Thx for the feedback... i'm leaning towards the 500 but I need to make sure its gonna fit.


----------



## Fine59Bel

> _Originally posted by Kadman_@May 10 2010, 12:00 PM~17442247
> *Thx for the feedback...  i'm leaning towards the 500 but I need to make sure its gonna fit.
> *


if you have a stock radiator, you should be fine.


----------



## Kadman

> _Originally posted by Fine59Bel_@May 10 2010, 11:55 AM~17443705
> *if you have a stock radiator, you should be fine.
> *



cool, thx.. You mentioned that the 605 was too easy to steer... does the 500 offer a little more "resistance" if you now what i mean. right now I still have the stock manual steering and i can crank the wheel a good 2 to 3 inches either way before the wheels start moving. i am guessing that either of the boxes will tighten that up a bunch.


----------



## Fine59Bel

> _Originally posted by Kadman_@May 10 2010, 03:30 PM~17444025
> *cool, thx..  You mentioned that the 605 was too easy to steer... does the 500 offer a little more "resistance" if you now what i mean.  right now I still have the stock manual steering and i can crank the wheel a good 2 to 3 inches either way before the wheels start moving.  i am guessing that either of the boxes will tighten that up a bunch.
> *


i know exactly what you mean... with both things. I used to be able to turn my wheel about a quarter of a turn without turning my wheels. 

I dont really have a "605" box. I have a "600 series" box... it is custom built by Borgeson and is sposed to have "excellent road feel and feedback" and it definitely doesn't. I want more resistance. Although i think that part of it is the tires on my spokes, they were always easier to steer than my stock tire/rim combo. 

Anyway, I think you are good with either a 605 or a 500... I have heard good things about both. As far as this 600 series box... its shit. I will probably end up buying a 605 box and bracket in the future. since now i have the pump and all.


----------



## Kadman

> _Originally posted by Fine59Bel_@May 10 2010, 12:38 PM~17444087
> *i know exactly what you mean... with both things. I used to be able to turn my wheel about a quarter of a turn without turning my wheels.
> 
> I dont really have a "605" box. I have a "600 series" box... it is custom built by Borgeson and is sposed to have "excellent road feel and feedback" and it definitely doesn't. I want more resistance. Although i think that part of it is the tires on my spokes, they were always easier to steer than my stock tire/rim combo.
> 
> Anyway, I think you are good with either a 605 or a 500... I have heard good things about both. As far as this 600 series box... its shit.
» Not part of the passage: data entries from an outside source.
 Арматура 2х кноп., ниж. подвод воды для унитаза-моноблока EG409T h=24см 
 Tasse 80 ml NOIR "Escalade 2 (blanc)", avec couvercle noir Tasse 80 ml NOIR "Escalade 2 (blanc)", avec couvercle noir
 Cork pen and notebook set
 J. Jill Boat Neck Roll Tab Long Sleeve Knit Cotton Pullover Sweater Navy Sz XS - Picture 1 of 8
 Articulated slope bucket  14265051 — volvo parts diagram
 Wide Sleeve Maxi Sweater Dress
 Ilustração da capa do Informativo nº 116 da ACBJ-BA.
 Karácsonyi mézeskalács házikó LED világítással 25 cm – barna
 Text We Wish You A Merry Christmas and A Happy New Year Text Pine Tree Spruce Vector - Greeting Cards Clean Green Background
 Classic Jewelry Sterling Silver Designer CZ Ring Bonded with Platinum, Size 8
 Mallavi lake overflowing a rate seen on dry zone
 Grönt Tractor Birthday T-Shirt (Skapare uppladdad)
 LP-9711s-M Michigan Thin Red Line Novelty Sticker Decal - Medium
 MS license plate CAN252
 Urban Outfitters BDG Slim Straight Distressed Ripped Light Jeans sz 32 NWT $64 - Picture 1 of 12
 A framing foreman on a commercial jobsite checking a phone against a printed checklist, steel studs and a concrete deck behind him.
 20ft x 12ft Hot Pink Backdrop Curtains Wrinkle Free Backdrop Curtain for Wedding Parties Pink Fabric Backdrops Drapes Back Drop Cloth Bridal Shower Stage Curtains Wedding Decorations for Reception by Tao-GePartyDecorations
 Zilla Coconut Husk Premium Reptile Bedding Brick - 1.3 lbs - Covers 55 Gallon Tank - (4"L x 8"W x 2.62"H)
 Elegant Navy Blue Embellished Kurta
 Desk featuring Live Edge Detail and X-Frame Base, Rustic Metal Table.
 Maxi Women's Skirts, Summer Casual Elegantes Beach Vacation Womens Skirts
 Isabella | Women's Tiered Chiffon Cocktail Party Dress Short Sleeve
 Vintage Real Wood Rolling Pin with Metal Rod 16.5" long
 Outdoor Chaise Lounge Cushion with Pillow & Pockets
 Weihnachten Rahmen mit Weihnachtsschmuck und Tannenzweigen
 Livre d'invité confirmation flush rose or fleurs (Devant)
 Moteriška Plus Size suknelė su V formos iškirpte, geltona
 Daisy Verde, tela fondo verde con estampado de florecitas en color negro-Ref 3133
I will probably end up buying a 605 box and bracket in the future. since now i have the pump and all.
> *


right on... thanks again for the insight.


----------



## Fine59Bel

heres a couple pics


----------



## baggedout81

:thumbsup: 

Now all you need is a York and you'll be straight


----------



## king george

im doing mine but noone knows what exactly fits the the gbody from 81 elco i bought used for now says 605 on the top with the ring clip top housing not the four bolt is the one to use all race cars use it its smaller than shit and light its little too 82 down are the ones ive found to work hope it helps now i need the bracket and standard pitman arm i guess for my 64 impala ragtop :biggrin:


----------



## Fine59Bel

the thing about 605's is its not just a 605 and thats it.... there are many many different 605's, with different turning ratios, turning angles, steering feel, etc. so its hard to find out which one is the best with your car. but i guess if you already know that the one from 81 elco's are good, then go for it :thumbsup:


----------



## Indio123

605 box on a 63 impala.


----------



## jtheshowstoppper

any more pics? trying to piece a kit together


----------



## uglee

POWER STEERING CONVERSION.........found a 66 Caddy GEARBOX in a junk yard...does anybody know if it will bolt in without that bracket??Will it work period on a 64 impala wagon???


----------



## C h e v r o l e t I m p a l a s




----------



## OVERTIME

> _Originally posted by uglee_@Jul 5 2010, 06:48 AM~17962675
> *POWER STEERING CONVERSION.........found a 66 Caddy GEARBOX in a junk yard...does anybody know if it will bolt in without that bracket??Will it work period on a 64 impala wagon???
> *


i wouldnt mess with it i would go with what people have been using . i doubt it will bolt up at all.


----------



## Fine59Bel

I should be adding to this thread soon. The steering is way too easy at high speed and after a lil research, i found that i can take the pressure valve outta my pump and easily lower the pump pressure. Ill take some pics along the way to help out other ppl with the same problem


----------



## IMPN8EZ

> *  I should be adding to this thread soon. The steering is way too easy at high speed and after a lil research, i found that i can take the pressure valve outta my pump and easily lower the pump pressure. Ill take some pics along the way to help out other ppl with the same problem*


Good stuff  :biggrin: 

Thanks


----------



## xavierthexman

What's the deal? About to do this too but I need a report. LOL

Thanks.


----------



## B Town Fernie

CPP has a nice box, that doesn't leak like the 605


----------



## Fine59Bel

I would have done cpp if I didn't have an aftermarket radiator. The kit I got sucks ass. I will likely be throwing a 605 in there soon


----------



## xavierthexman

> _Originally posted by Fine59Bel_@Jan 24 2011, 06:50 PM~19686366
> *I would have done cpp if I didn't have an aftermarket radiator. The kit I got sucks ass. I will likely be throwing a 605 in there soon
> *



Why does it suck? Borgunson?


----------



## Fine59Bel

> _Originally posted by xavierthexman_@Jan 25 2011, 01:06 AM~19689776
> *Why does it suck?  Borgunson?
> *


Yah, it is borgeson. Like the box mounts really weird and it throws off the steering geometry. Plus, is entirely too easy to steer so that sucks too. I am just highly disappointed


----------



## xavierthexman

> _Originally posted by Fine59Bel_@Jan 25 2011, 06:13 AM~19691138
> *Yah, it is borgeson. Like the box mounts really weird and it throws off the steering geometry. Plus, is entirely too easy to steer so that sucks too. I am just highly disappointed
> *



Does it sway back and forth on the road easy or does it keep a straight line?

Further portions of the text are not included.